= Danny Mulheron =

New Zealand actor, writer, and director

Danny Mulheron is a New Zealand actor, writer, and director who has worked in theatre, television and film.

Mulheron graduated from Toi Whakaari: New Zealand Drama School in 1983 with a Diploma in Acting.

In 2012, he directed Fresh Meat, a horror comedy film which was released in October 2012. In 2011 he directed Rage a television movie about the 1981 Springbok Tour, which was a Finalist in seven categories in the 2012 NZ Television Awards. In 2010 he co-wrote and directed The Motorcamp a stage play which is rumoured to have the 2nd to highest box office takings for a New Zealand play. In 2008 he co-directed with his wife and business partner, Sara Stretton, The Third Richard a feature-length documentary where he tells the story of his grandfather, a Jewish German composer whose music was banned by the Nazis, rejected in New Zealand and is now being rediscovered. In 2008 and 2010 he directed children's drama series, Paradise Cafe for CBBC, Emu for CBeebies and Time Trackers for Seven Network Australia.

In 2012 he was a finalist in the New Zealand Television Awards for Best Director Drama and in 2007 he was a finalist for Best Director Drama in the Qantas Awards. In 2005 Mulheron co-wrote, directed and produced the comedy series Seven Periods with Mr Gormsby, about an aging reactionary schoolteacher who gets a job working in a high school. The character began as a theatre piece, with Mulheron playing Gormsby. Melbourne Age critic Ray Cassin called the television version as "resolutely politically incorrect as it is possible for a television series to be".

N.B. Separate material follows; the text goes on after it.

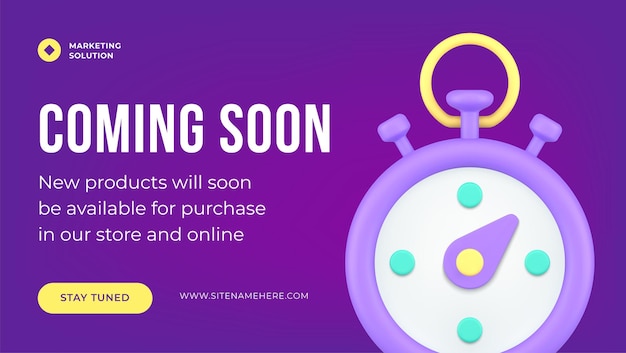 Vector coming soon advertising promo internet banner purple stopwatch realistic 3d icon vector illustration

The same year Mulheron directed the play The Tutor, written by his Gormsby co-writer Dave Armstrong. The play won the award for Outstanding New NZ Play at the Chapman Tripp Theatre Awards in 2005. Mulheron has acted in, written and directed award-winning plays for more than twenty years. He has also worked on plays with New Zealand novelist and scriptwriter Stephen Sinclair, and writer/cartoonist Tom Scott, another of the Gormsby co-writers.

Mulheron's career has seen him host a television show about automobiles, AA Torque Show, play the part (and piano) of Shostakovich in "Masterclass" at Circa Theatre and play a traumatised hippopotamus in Peter Jackson's Meet the Feebles, for which he was nominated for an award for best female performance. Mulheron was also responsible for writing some of the hippopotami dialogue, along with some of the other animals in the cast.

In 2018–2019, he directed Jonah, the two-part biopic about Jonah Lomu.